Chi è diventato ingegnere, chi dottoressa, chi professore, chi giornalista: a Roma, a Milano, a Torino, una persino a Città del Messico – ma nessuno a Catania. A Catania: “Hai imparato abbastanza? Sei un buon professionista? Eccoti un bel calcio nel sedere e va’ da qualche altra parte”. E questi erano i più fortunati. Poi c’erano quelli divorati – ad Antico Corso, a San Cristoforo, a Librino, al Pigno – dai denti della città matrigna e risputati via nelle galere e gli obitori. Catania ha avuto gran politica, in tutti questi anni. Fascisti, democristiani, democristiani dissidenti, forzitalioti, cuffariani, lombardiani, lombardiani-cuffariani, centrosinistri. Gli ultimi, addirittura, si dichiaravano antimafiosi. Eppure i ragazzi continuavano, e continuano tuttora, ad essere buttati fuori o macinati.
A Bianco, come sindaco, noi non rimproveriamo molto. È vero: i business con Ciancio, all’insaputa dei cittadini e (secondo loro) dei carabinieri: ma che male c’è? Siamo in Sicilia o in Isvezia? Il consiglio comunale riempito di parenti di mafia: ma via, siamo umani, i parenti so’ pezz’e core! Purtroppo, oltre questo, Bianco ha anche mentito. Mentito quando ha dichiarato di non sapere che il tizio di cui aveva appena inaugurato la discoteca fosse inquisito. Mentito quando ha dichiarato – addirittura alla commissione antimafia del Parlamento – di non sapere che fosse inquisito il suo Ciancio. Per una sola menzogna, in America, non un semplice sindaco ma un presidente degli Stati Uniti se n’è dovuto andare. Per una menzogna in pubblico, in Inghilterra, un politico rinuncia alla carriera e non si fa mai più vedere; in Giappone magari fa harakiri – ma noi qua non pretendiamo tanto. Pretendiamo solo decenza, e magari un minimo di dignità. Invece il nostro Bianco ha mandato i suoi amici, i vari capigruppo consiliari, a proclamare che i veri mafiosi siamo noi che l’accusiamo; siccome l’antimafia di Bianco (di molte e grandi parole, ma mai dei fatti) impauriva la mafia, allora la mafia ha fatto in modo di promuovere una manifestazione contro di lui – quella di cui stiamo scrivendo. Io faccio antimafia da trentacinque anni, l’ho fatta con un Mauro Rostagno, con un Peppino Impastato, con un Titta Scidà e con un Pippo Fava. Ed ecco che un Bianco qualunque, amico di gente impresentabile, autore di molti proclami ma, quanto ad antimafia, di nessun fatto, accusa di mafia me, i “Siciliani”, i giovani che ci seguono e chiunque osi dirgli qualcosa.

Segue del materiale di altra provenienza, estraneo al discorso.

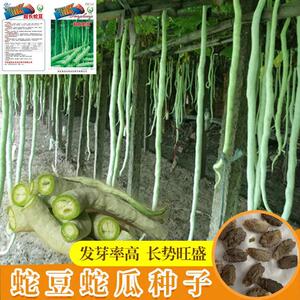 90农乐农资种业淘宝特长蛇瓜种子蛇豆角长瓜种籽特菜观赏食用蛇菜种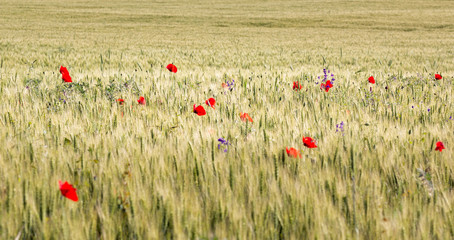 Beautiful wheat field full of poppies in the summer, Dobrogea, Romania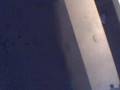 videos de zooe es gay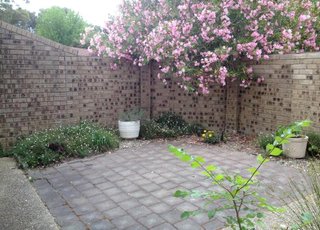 Front Courtyard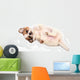 Portrait Chihuahua Puppy Wall Decal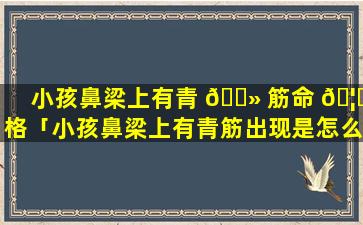 小孩鼻梁上有青 🌻 筋命 🦄 格「小孩鼻梁上有青筋出现是怎么回事呢」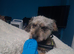 Toy phantom poodle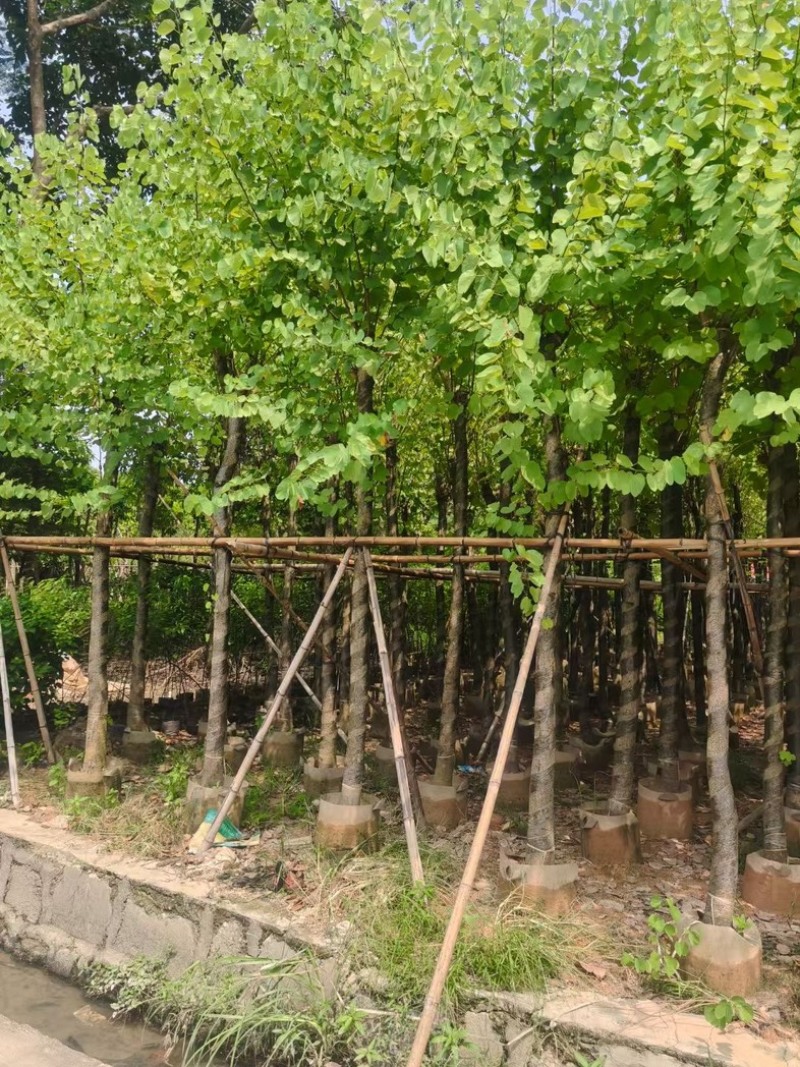宫粉紫荆8～15公分基地直发规格齐全质量优质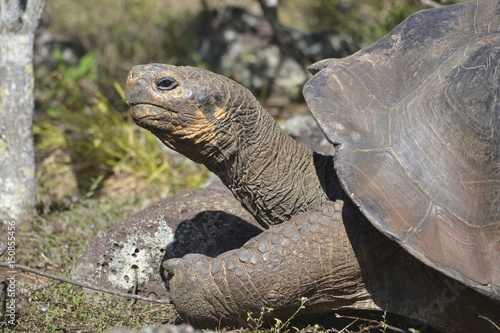 Galapagos Giant Tortoise at the El Chato / Los Primativos ranch on Santa Cruz, Galapagos Islands © Mark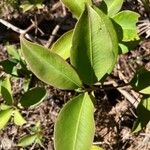 Avicennia germinans पत्ता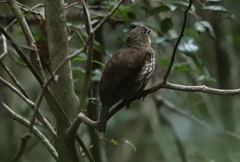 Scenopoeetes dentirostris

Va bene. La manifestazione è stata allegra e civile, un migliaio di catanesi – uomini e donne, giovani e vecchi – ha partecipato con gran passione; c’erano – a parte noi dei Siciliani giovani – quelli di Catania bene comune, di Gammazita, della Palestra Lupo, del Gapa e di diversi altri gruppi e associazioni. Ha aderito Cittàinsieme.
Non hanno aderito Libera di Catania e Addiopizzo di Catania (forse convinti, come il sindaco, che chi lo critica è mafioso), che evidentemente non sono la parte più ardita delle rispettive organizzazioni. Chiudiamo con quei visi felici dietro quello striscione, che il vostro cronista confonde con quelli altrettanto felici di trent’anni fa. Sperando che anche questi non vengano maciullati dalla mafia cannibale e dai politici, ipocriti o no, che le tengono bordone.